— Aim of the task —
Using the data below, reproduce exactly the lines from the line with "12265 Savanna Lakes" to the line with "Whitewashed wood pergola", both included; pictures must be dropped.

— Available data —
------------------------------

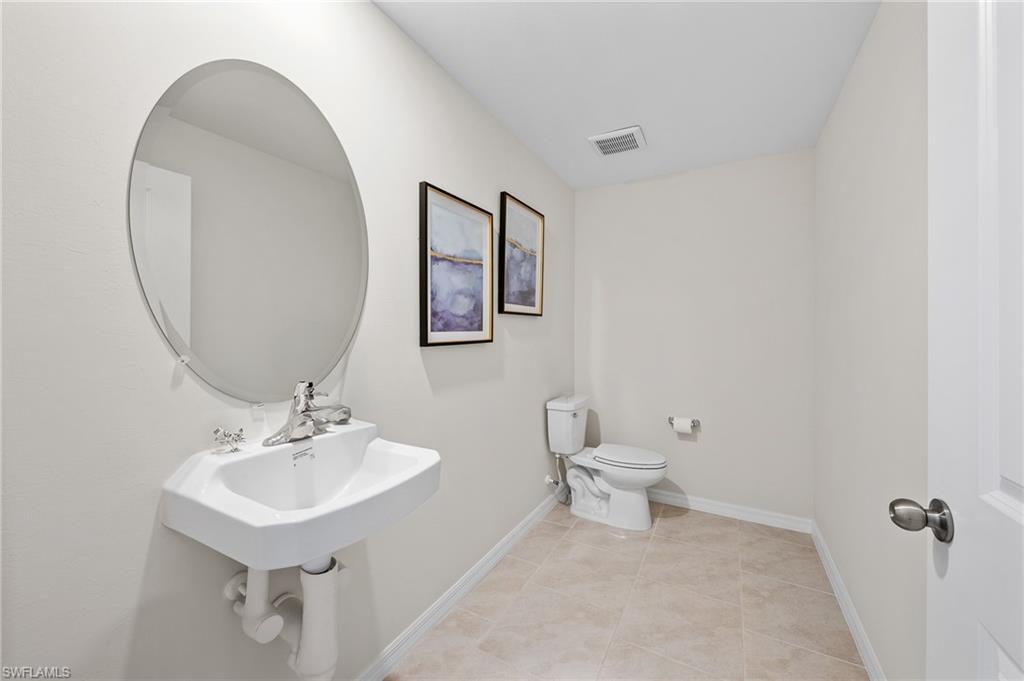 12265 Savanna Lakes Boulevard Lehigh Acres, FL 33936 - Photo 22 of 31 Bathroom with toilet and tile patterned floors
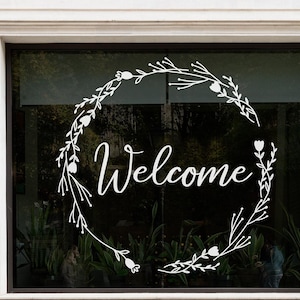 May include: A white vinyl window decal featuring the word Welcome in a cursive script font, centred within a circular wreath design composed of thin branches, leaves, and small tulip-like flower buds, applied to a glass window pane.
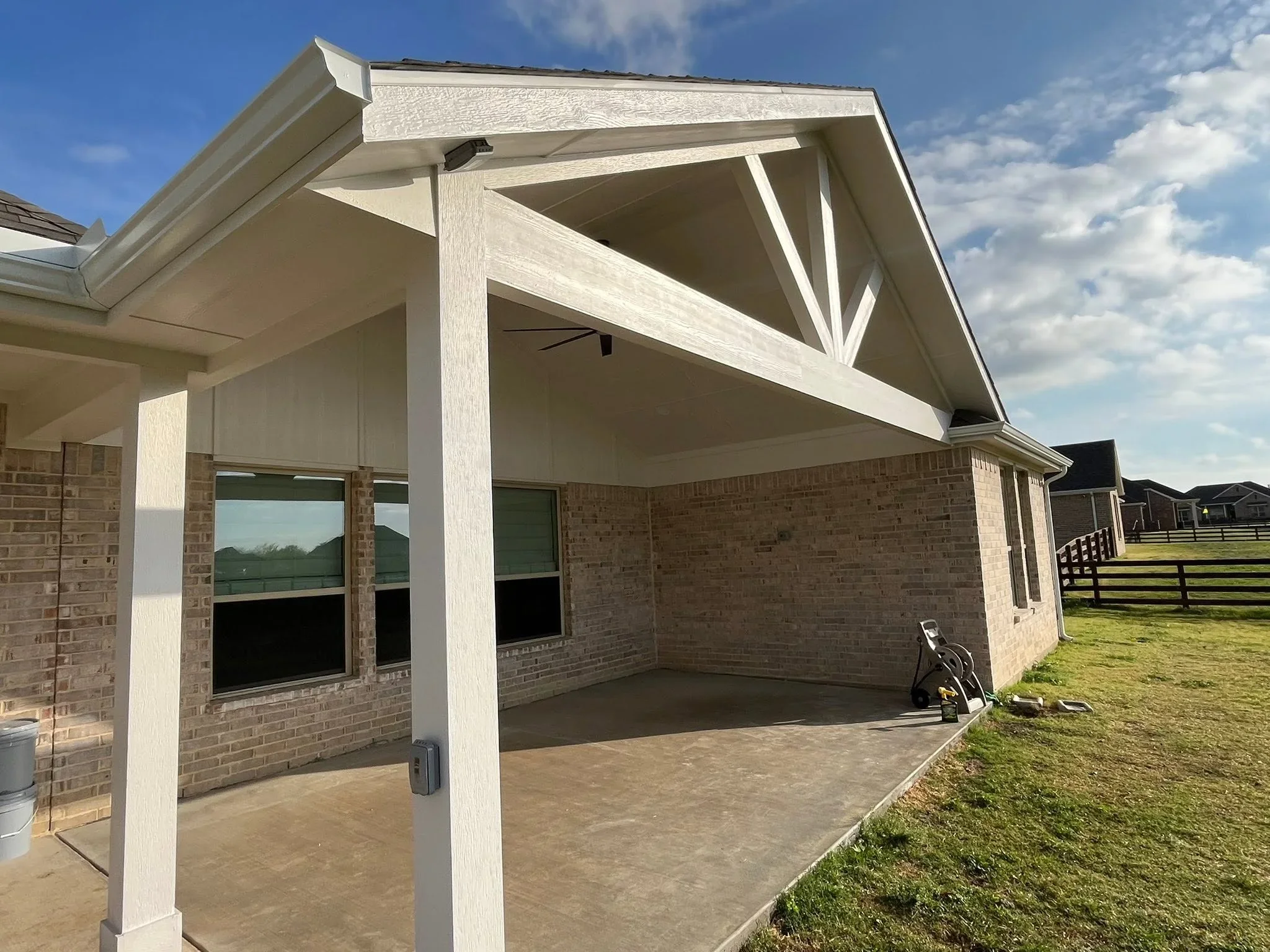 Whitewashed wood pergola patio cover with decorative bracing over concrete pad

------------------------------

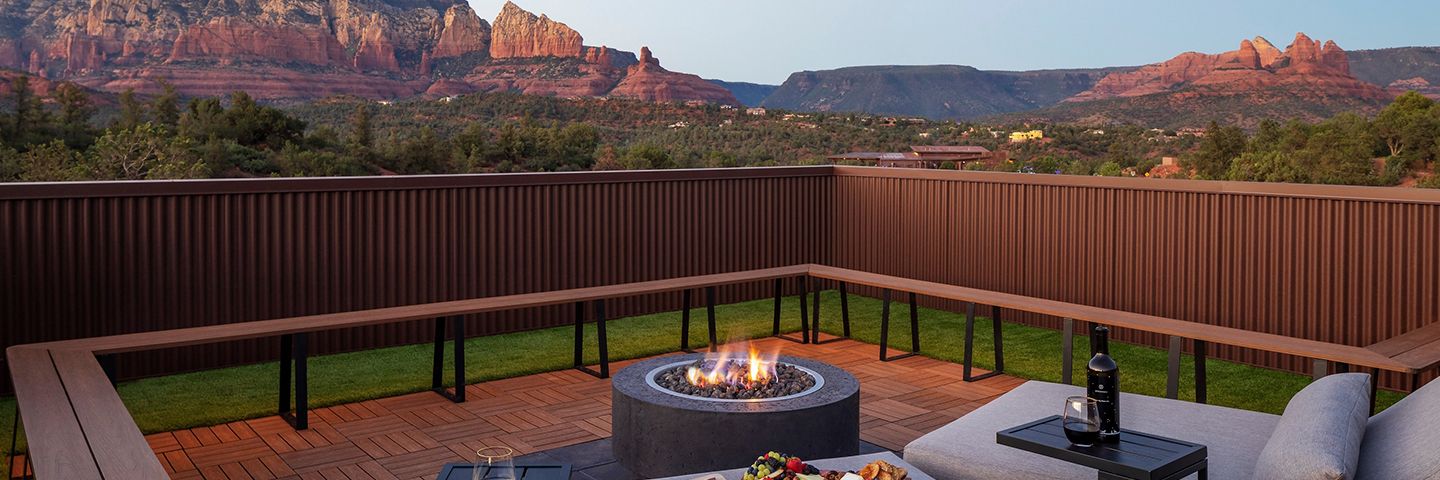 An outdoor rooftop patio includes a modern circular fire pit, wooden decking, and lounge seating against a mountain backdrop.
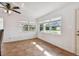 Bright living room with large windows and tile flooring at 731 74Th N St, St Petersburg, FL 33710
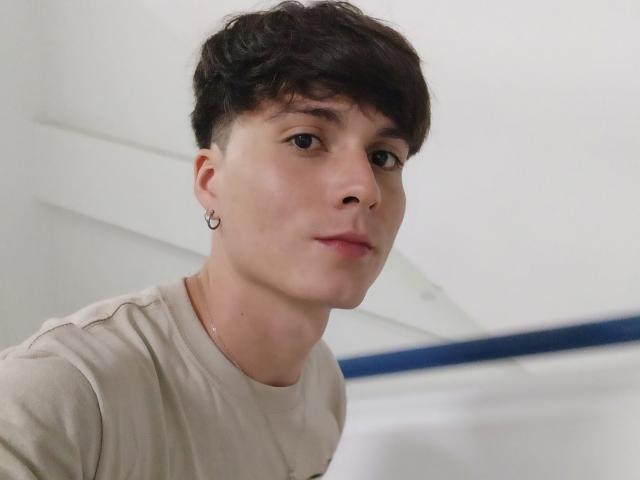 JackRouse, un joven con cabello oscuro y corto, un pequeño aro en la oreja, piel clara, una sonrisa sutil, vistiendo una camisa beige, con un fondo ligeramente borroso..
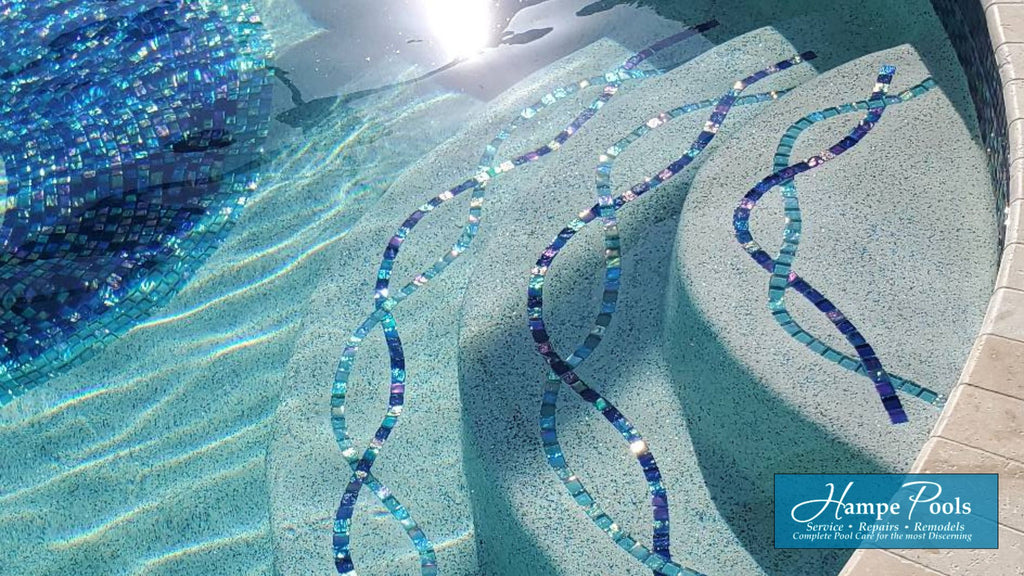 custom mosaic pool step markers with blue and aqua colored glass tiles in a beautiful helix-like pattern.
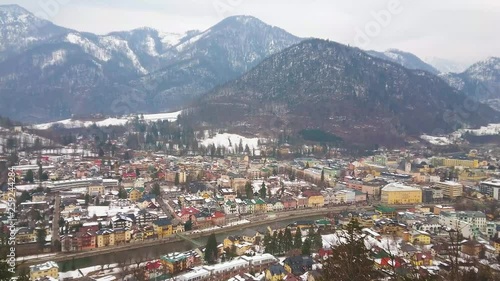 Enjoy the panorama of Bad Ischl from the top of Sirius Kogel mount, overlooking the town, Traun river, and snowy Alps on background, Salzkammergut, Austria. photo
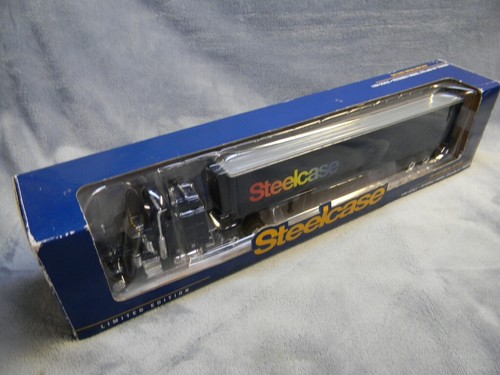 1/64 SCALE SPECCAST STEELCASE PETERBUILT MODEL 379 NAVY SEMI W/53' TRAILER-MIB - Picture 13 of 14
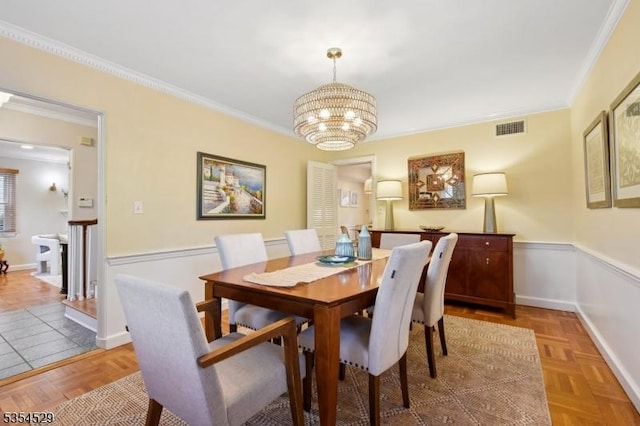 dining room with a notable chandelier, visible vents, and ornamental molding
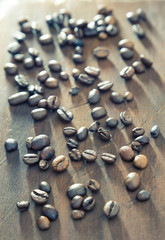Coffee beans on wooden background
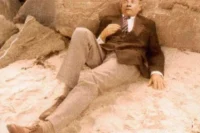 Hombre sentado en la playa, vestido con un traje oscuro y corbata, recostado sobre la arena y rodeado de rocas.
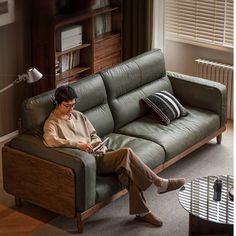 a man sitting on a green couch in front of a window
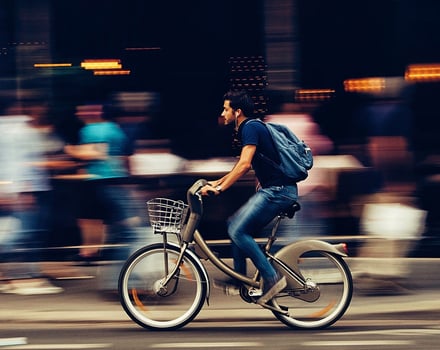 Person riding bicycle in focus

------------------------------

— Written answer —
 12265 Savanna Lakes Boulevard Lehigh Acres, FL 33936 - Photo 22 of 31 Bathroom with toilet and tile patterned floors
 May include: A white vinyl window decal featuring the word Welcome in a cursive script font, centred within a circular wreath design composed of thin branches, leaves, and small tulip-like flower buds, applied to a glass window pane.
 Whitewashed wood pergola patio cover with decorative bracing over concrete pad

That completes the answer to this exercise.